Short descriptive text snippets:
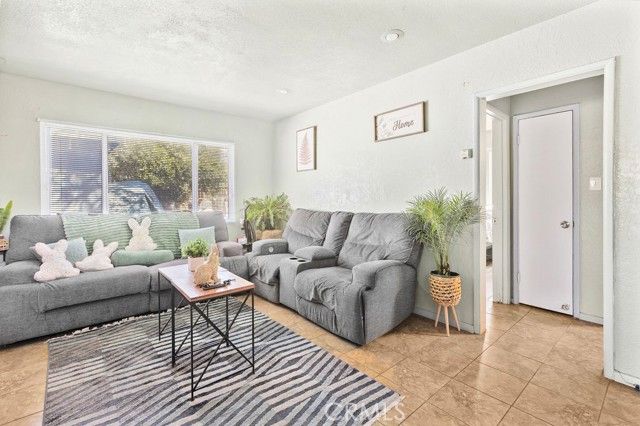 1118 E 33rd St, San Bernardino, CA 92404
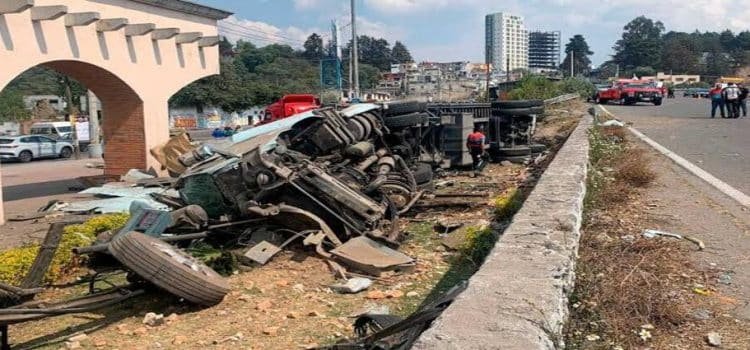 Vuelca tráiler en curva de la carretera México-Toluca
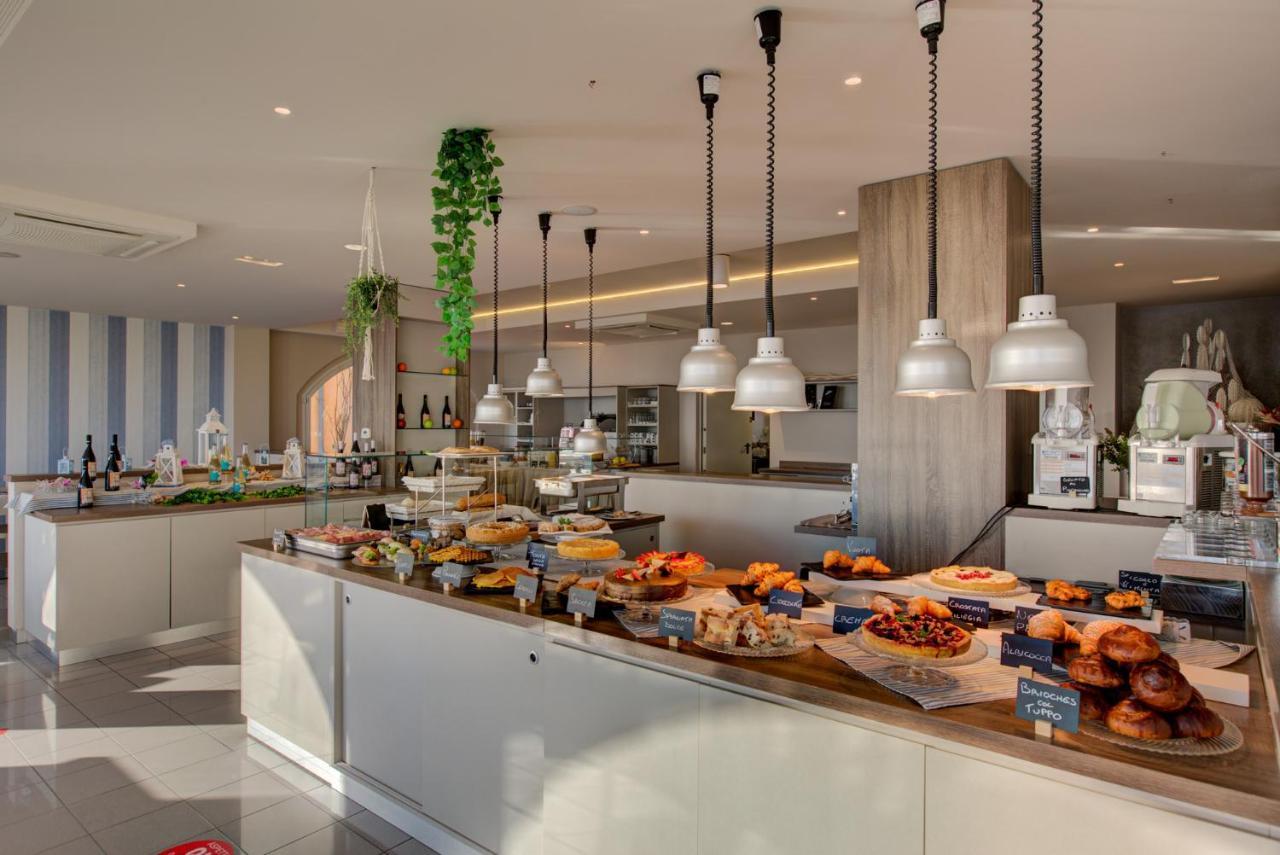 Hotel Alexandra - Beach Front - Healthy Xxl Breakfast & Brunch Until 12 30 - Parking Included Misano Adriatico Zewnętrze zdjęcie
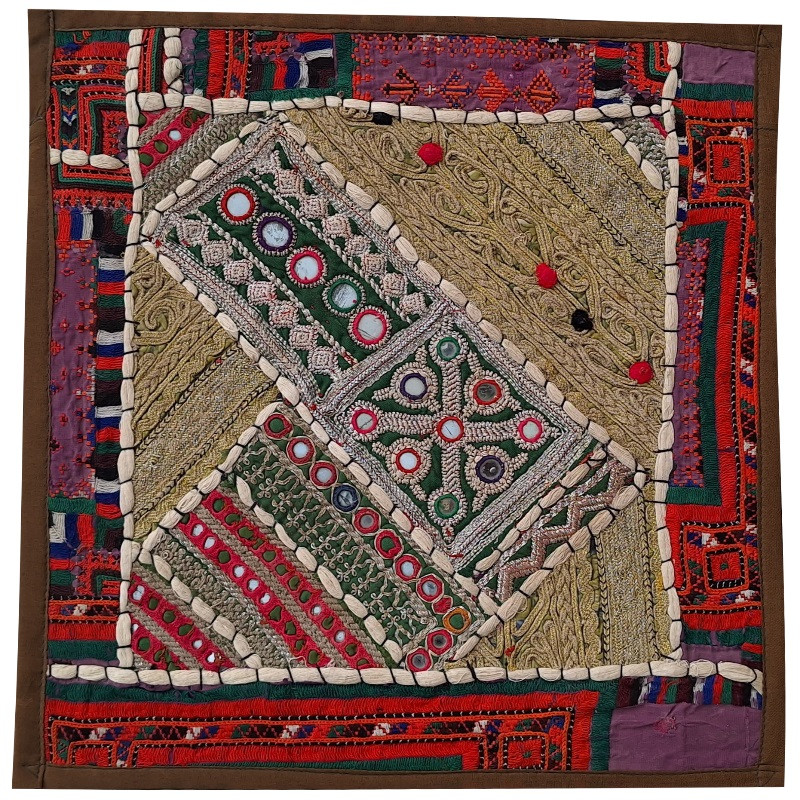 رومیزی سوزن دوزی مدل چهل تیکه عسلی کد KOH36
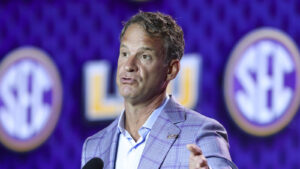 Could drama tank Lane Kiffin’s first season at LSU? Could drama tank Lane Kiffin’s first season at LSU?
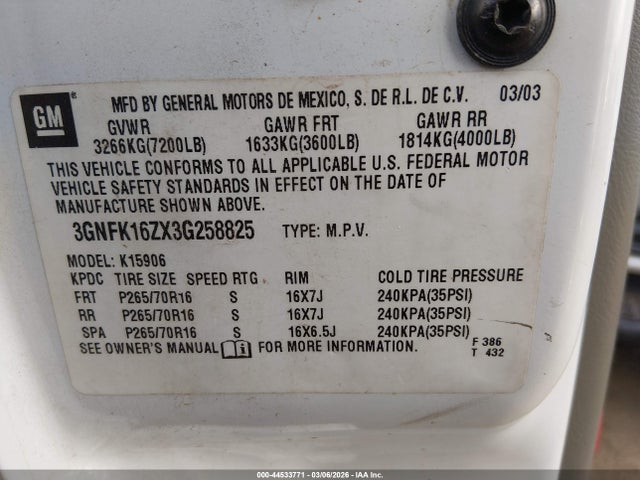 2003 CHEVROLET SUBURBAN 1500 3GNFK16ZX3G258825 Photo 8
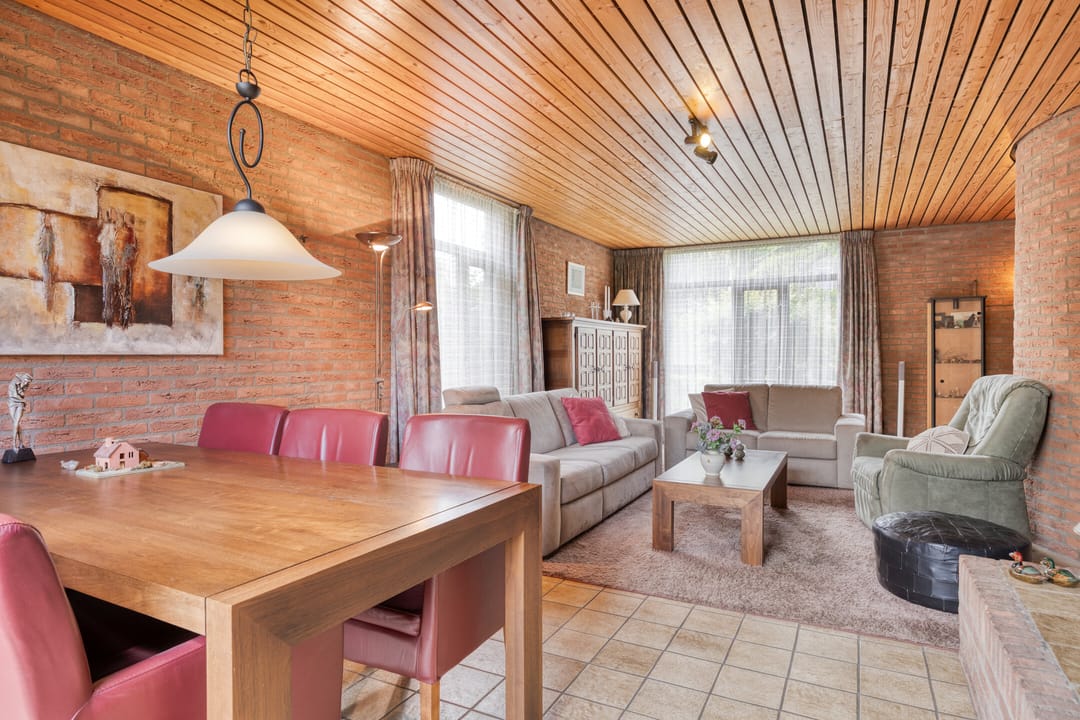 Spacious Detached Family Home in Prime Heesch Location — 13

§ **Assignment**
Please copy the lines above, starting at the one that holds "Vuelca tráiler en" and stopping after the last line, exactly as they appear and minus the pictures.

§ **Answer box**
 Vuelca tráiler en curva de la carretera México-Toluca
 Hotel Alexandra - Beach Front - Healthy Xxl Breakfast & Brunch Until 12 30 - Parking Included Misano Adriatico Zewnętrze zdjęcie
 رومیزی سوزن دوزی مدل چهل تیکه عسلی کد KOH36
 Could drama tank Lane Kiffin’s first season at LSU? Could drama tank Lane Kiffin’s first season at LSU?
 2003 CHEVROLET SUBURBAN 1500 3GNFK16ZX3G258825 Photo 8
 Spacious Detached Family Home in Prime Heesch Location — 13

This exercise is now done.